» **EXERCISE DETAILS**: Beginning at the line containing "a deck with" in the material below and ending at the line containing "Woman using a hair dryer on a candle", return each line exactly and add nothing.

» **SUPPLIED RECORDS**:
_ _ _ _ _ _ _

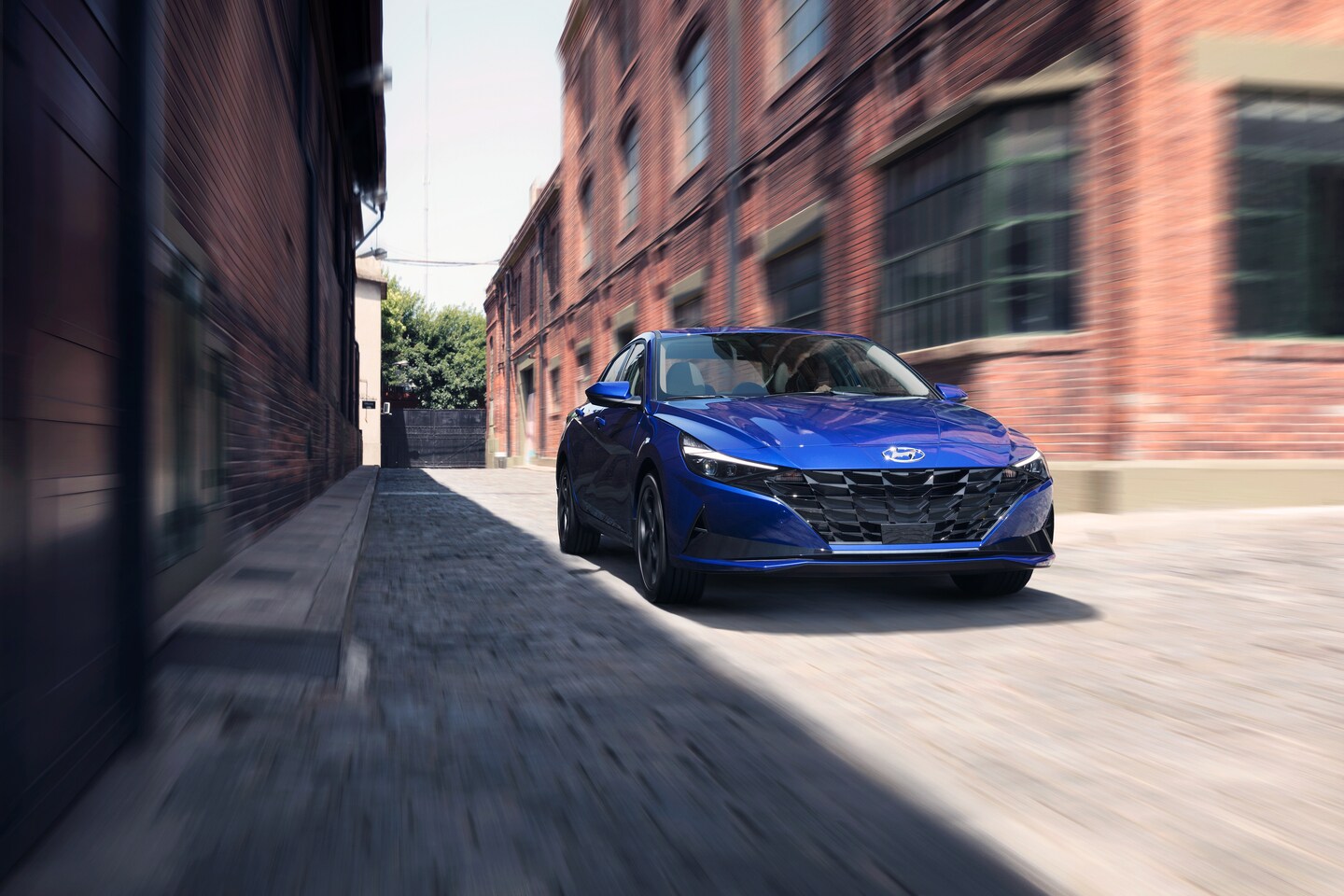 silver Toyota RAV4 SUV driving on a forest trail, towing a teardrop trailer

_ _ _ _ _ _ _

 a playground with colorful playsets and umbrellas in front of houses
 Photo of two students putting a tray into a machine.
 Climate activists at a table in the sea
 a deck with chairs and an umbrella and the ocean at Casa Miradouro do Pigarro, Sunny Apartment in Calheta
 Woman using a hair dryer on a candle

_ _ _ _ _ _ _

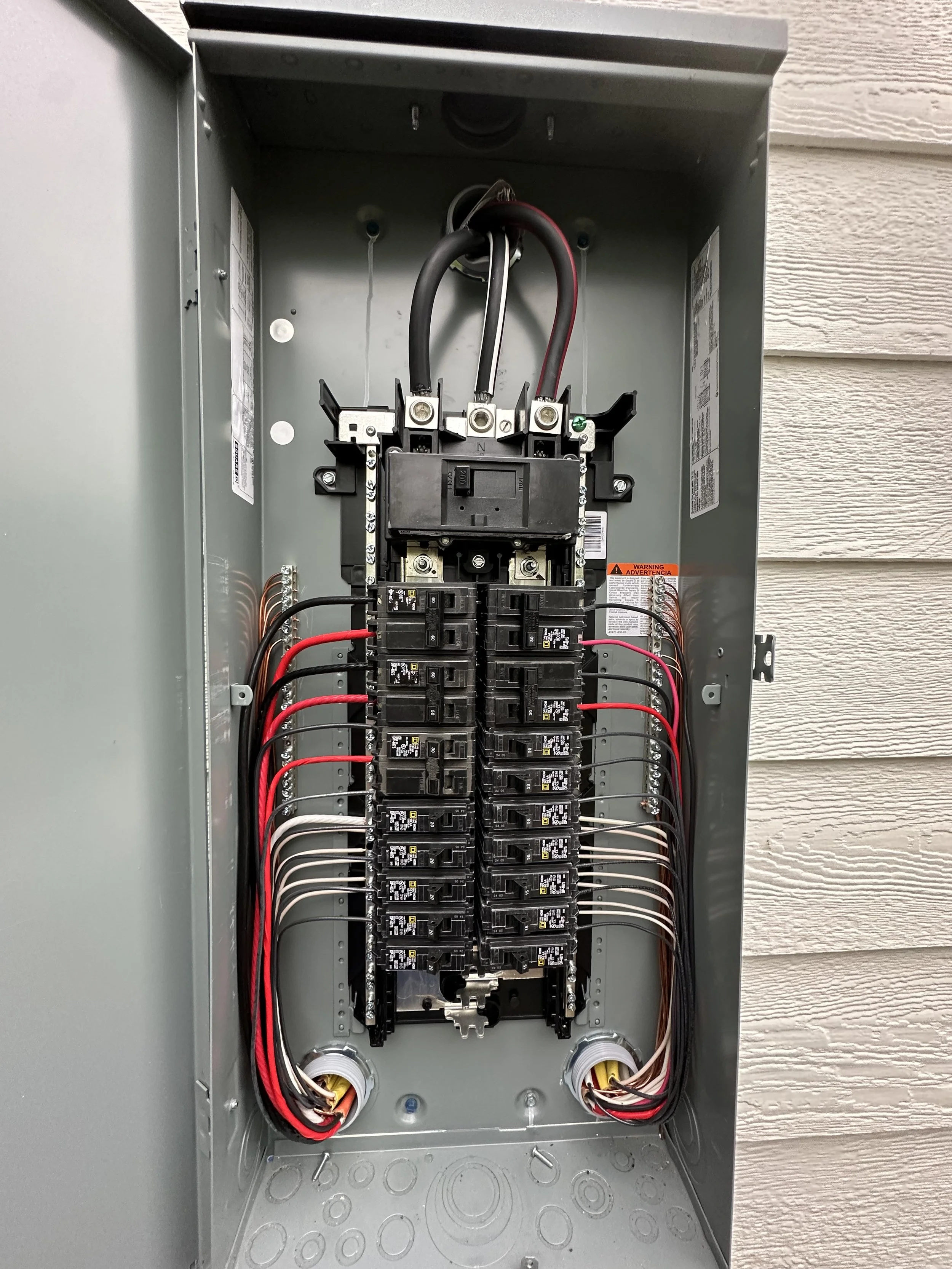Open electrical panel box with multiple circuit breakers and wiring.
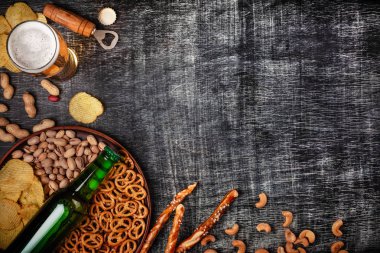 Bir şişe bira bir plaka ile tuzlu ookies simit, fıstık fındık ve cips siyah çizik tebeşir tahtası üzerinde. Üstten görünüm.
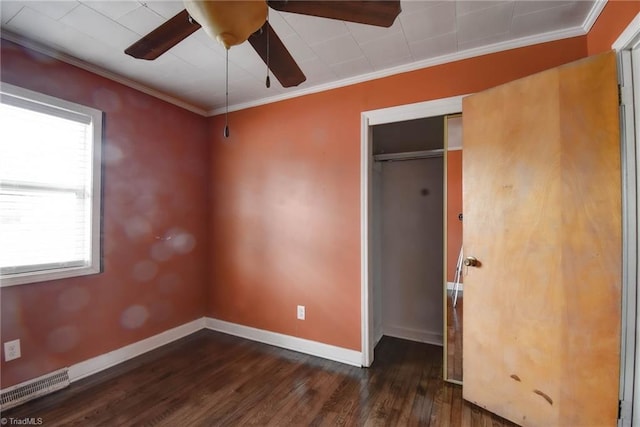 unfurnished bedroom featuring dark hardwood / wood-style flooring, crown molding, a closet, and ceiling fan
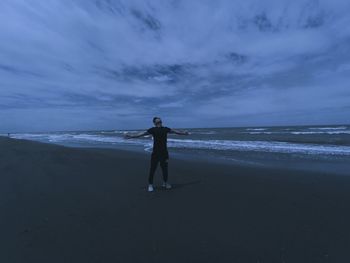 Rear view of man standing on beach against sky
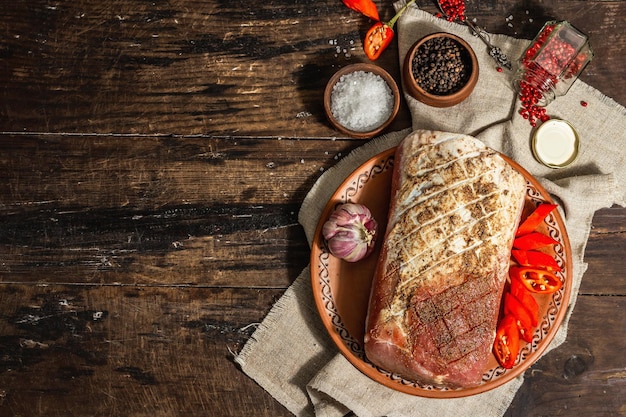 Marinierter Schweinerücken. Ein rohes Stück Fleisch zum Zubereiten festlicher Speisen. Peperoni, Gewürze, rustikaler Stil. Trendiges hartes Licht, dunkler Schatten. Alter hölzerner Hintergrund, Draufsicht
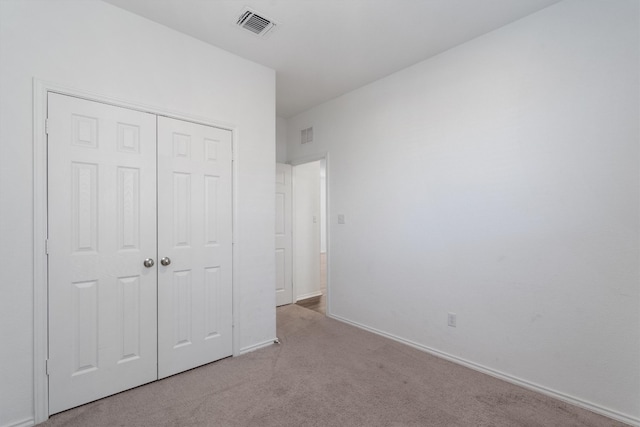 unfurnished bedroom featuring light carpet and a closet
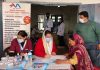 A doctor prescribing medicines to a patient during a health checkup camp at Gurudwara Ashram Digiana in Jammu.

_ _ _ _ _ _ _

» **WRITTEN REPLY**:
 a deck with chairs and an umbrella and the ocean at Casa Miradouro do Pigarro, Sunny Apartment in Calheta
 Woman using a hair dryer on a candle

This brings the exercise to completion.